### TASK DETAILS
The line containing "331 Glaser Ave" and each line after it, through the final line of the data, are to be retyped exactly, with pictures left out.

### SOURCE MATERIAL
=====
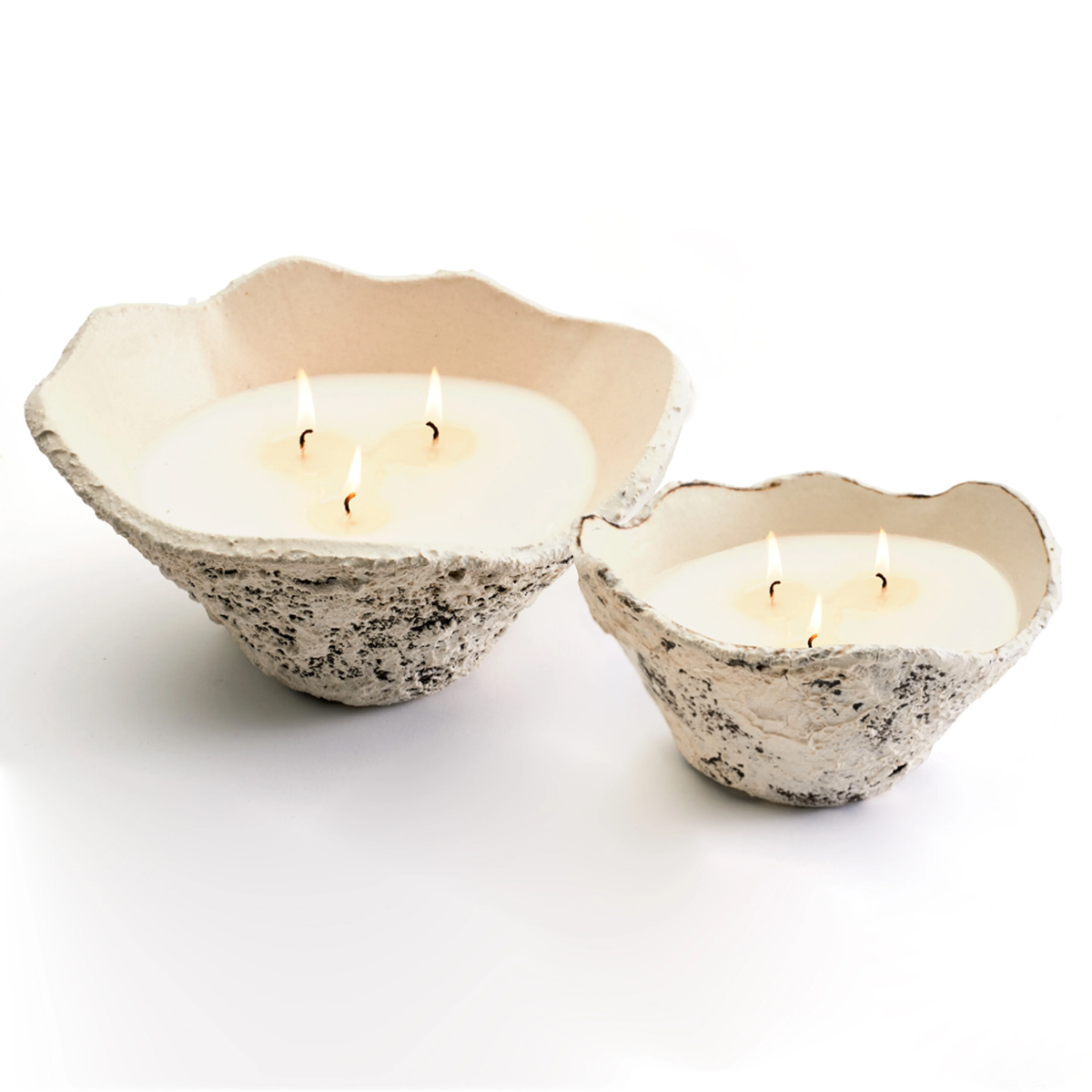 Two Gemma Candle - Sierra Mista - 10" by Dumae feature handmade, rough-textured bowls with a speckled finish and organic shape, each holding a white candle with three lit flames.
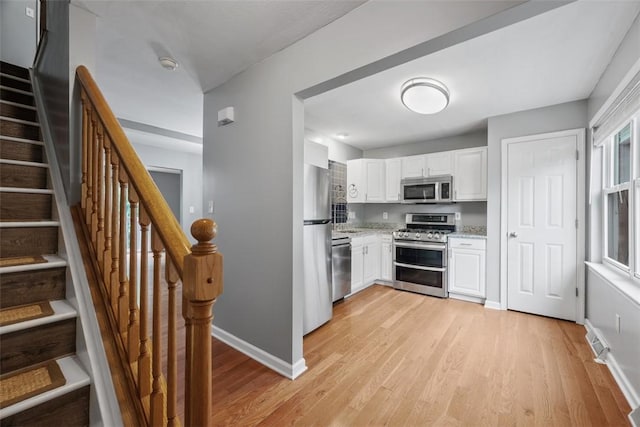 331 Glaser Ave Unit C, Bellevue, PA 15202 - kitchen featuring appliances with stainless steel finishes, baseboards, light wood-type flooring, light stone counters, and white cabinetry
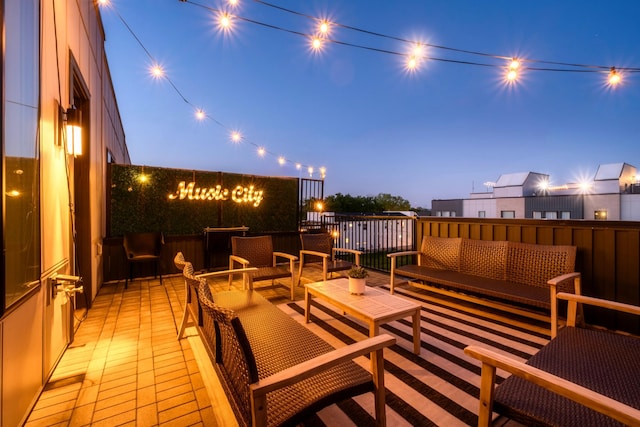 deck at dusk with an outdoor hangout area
=====
### WRITTEN ANSWER
 331 Glaser Ave Unit C, Bellevue, PA 15202 - kitchen featuring appliances with stainless steel finishes, baseboards, light wood-type flooring, light stone counters, and white cabinetry
 deck at dusk with an outdoor hangout area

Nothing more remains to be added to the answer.